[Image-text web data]
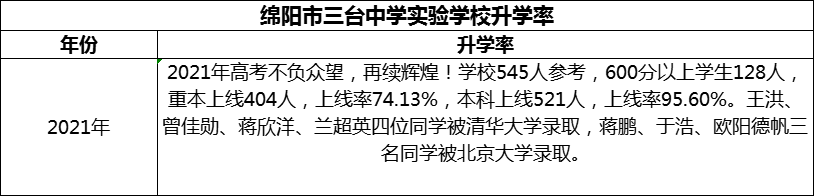 2024年綿陽(yáng)市三臺(tái)中學(xué)實(shí)驗(yàn)學(xué)校升學(xué)率怎么樣？
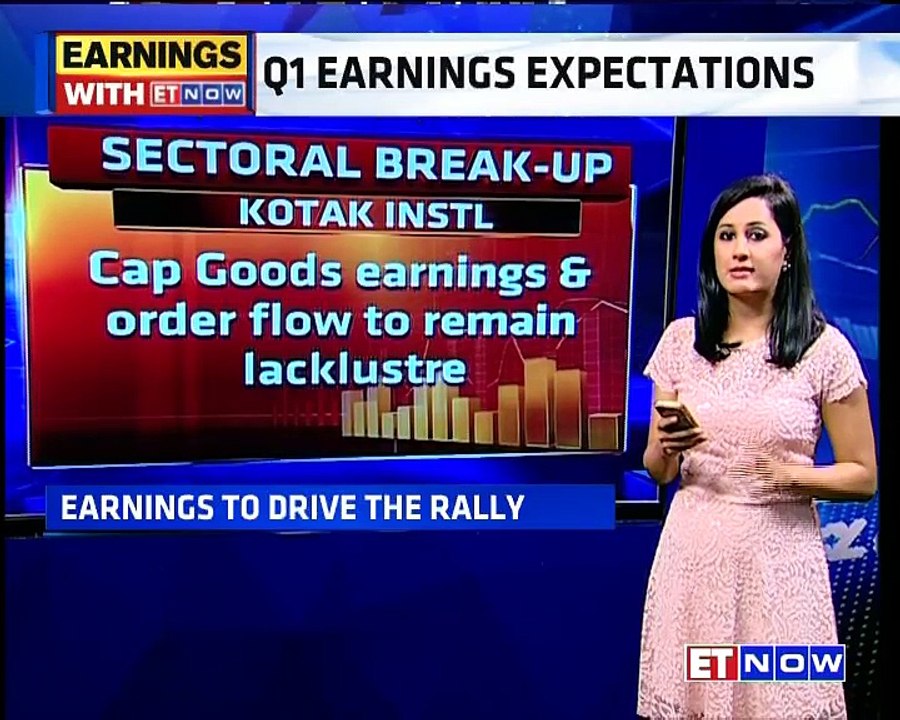 Earnings With ET NOW Preview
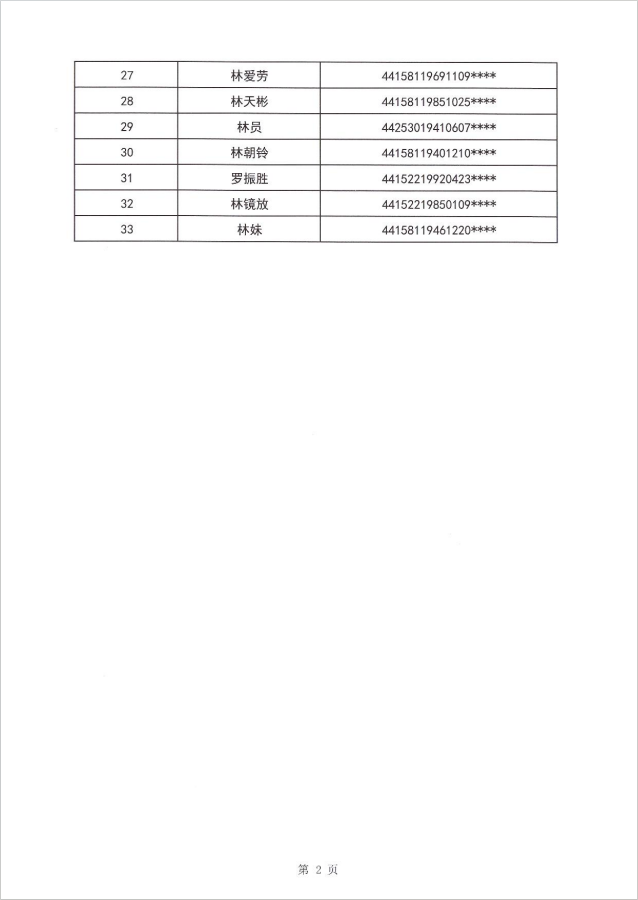 24年博美镇租赁补贴公示第一批3.png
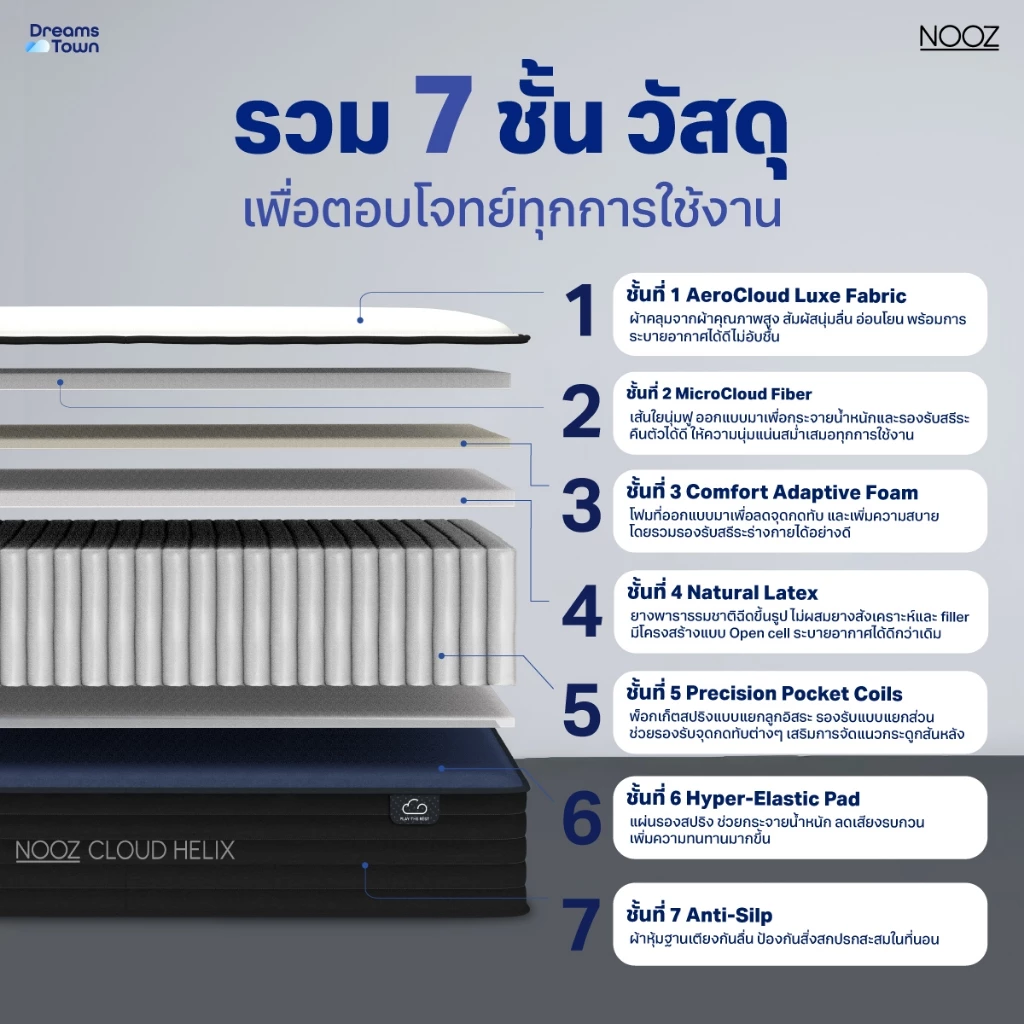 ที่นอนยางพาราแท้ เสริมพ็อกเก็ตสปริง รุ่น Cloud Helix 3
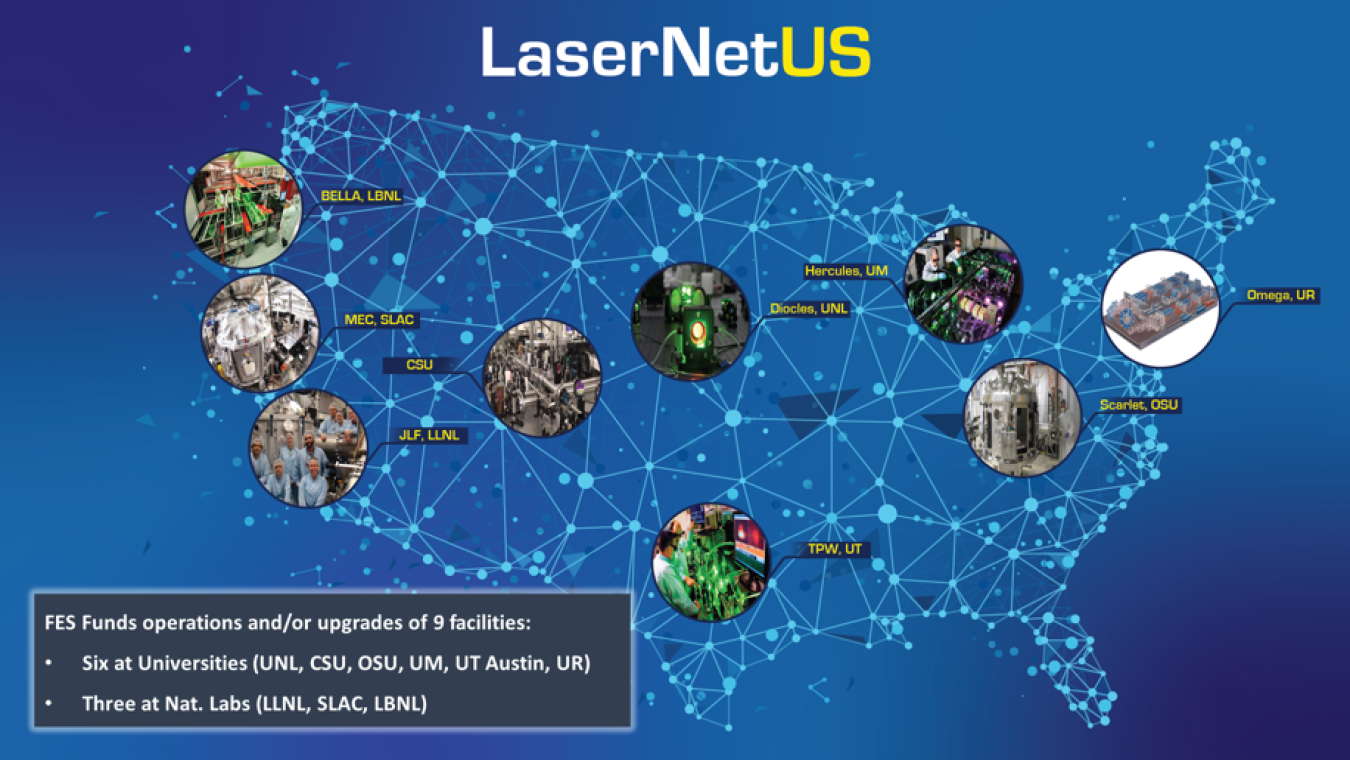 The LaserNetUS network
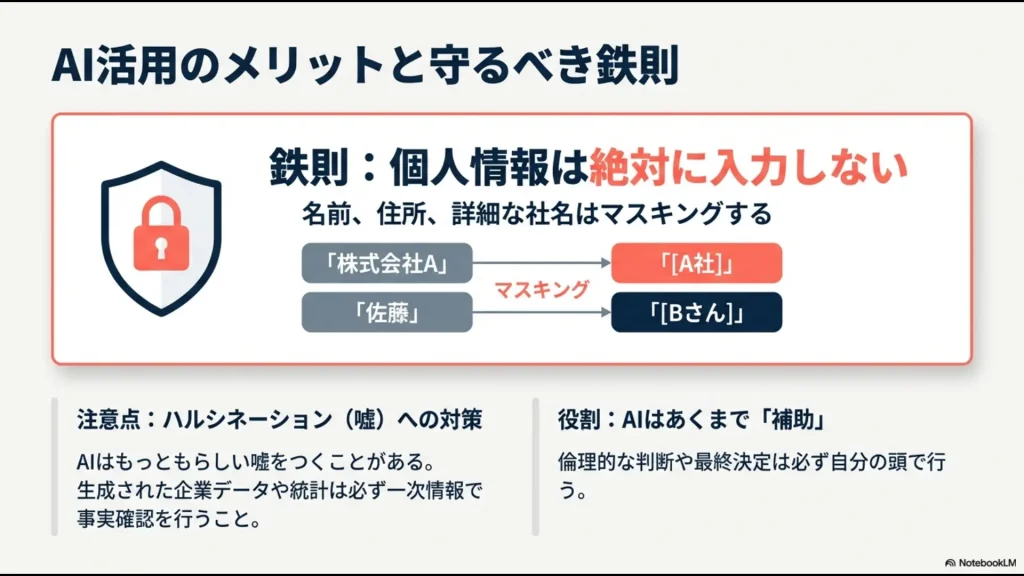 名前や社名のマスキング、ハルシネーション（嘘）への対策、最終決定は自分で行うというAI活用の守るべきルール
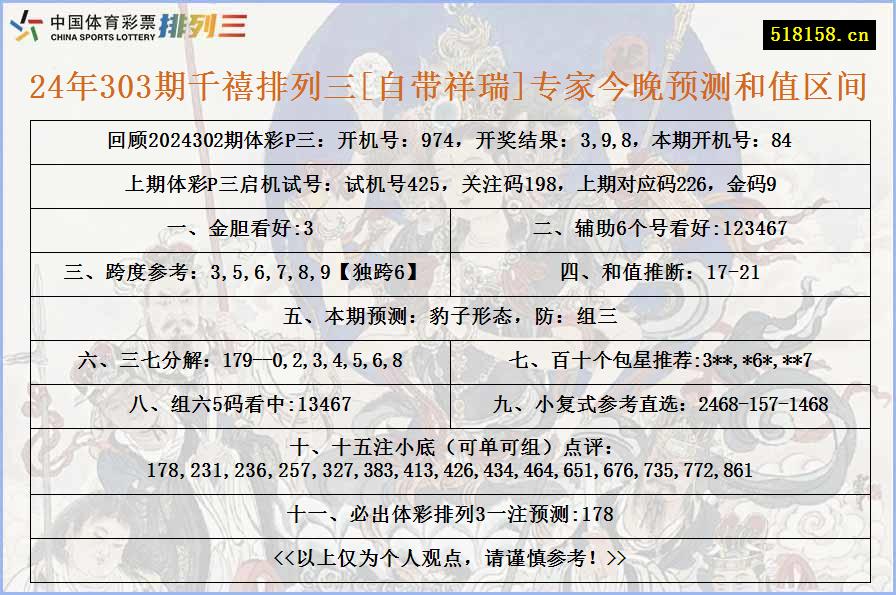 24年303期千禧排列三[自带祥瑞]专家今晚预测和值区间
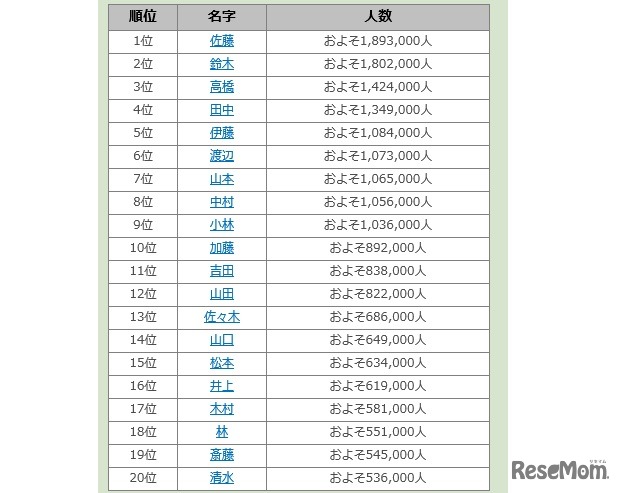 名字由来netより引用 名字ランキング1位～20位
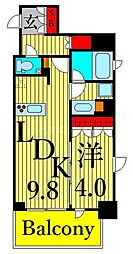グランカーサ上野池之端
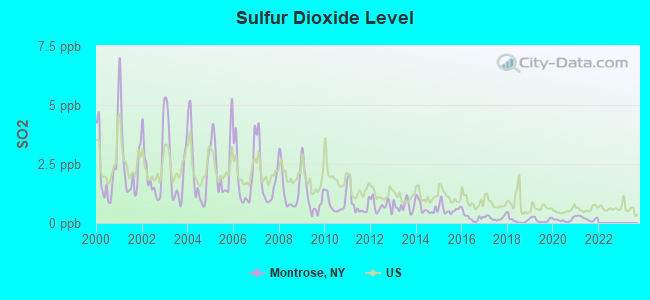 Sulfur Dioxide Level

What is being asked
Would you please write out the entries in full, exactly as they read, but without pictures?

Written response
 2024年綿陽(yáng)市三臺(tái)中學(xué)實(shí)驗(yàn)學(xué)校升學(xué)率怎么樣？
 Earnings With ET NOW Preview
 24年博美镇租赁补贴公示第一批3.png
 ที่นอนยางพาราแท้ เสริมพ็อกเก็ตสปริง รุ่น Cloud Helix 3
 The LaserNetUS network
 名前や社名のマスキング、ハルシネーション（嘘）への対策、最終決定は自分で行うというAI活用の守るべきルール
 24年303期千禧排列三[自带祥瑞]专家今晚预测和值区间
 名字由来netより引用 名字ランキング1位～20位
グランカーサ上野池之端
 Sulfur Dioxide Level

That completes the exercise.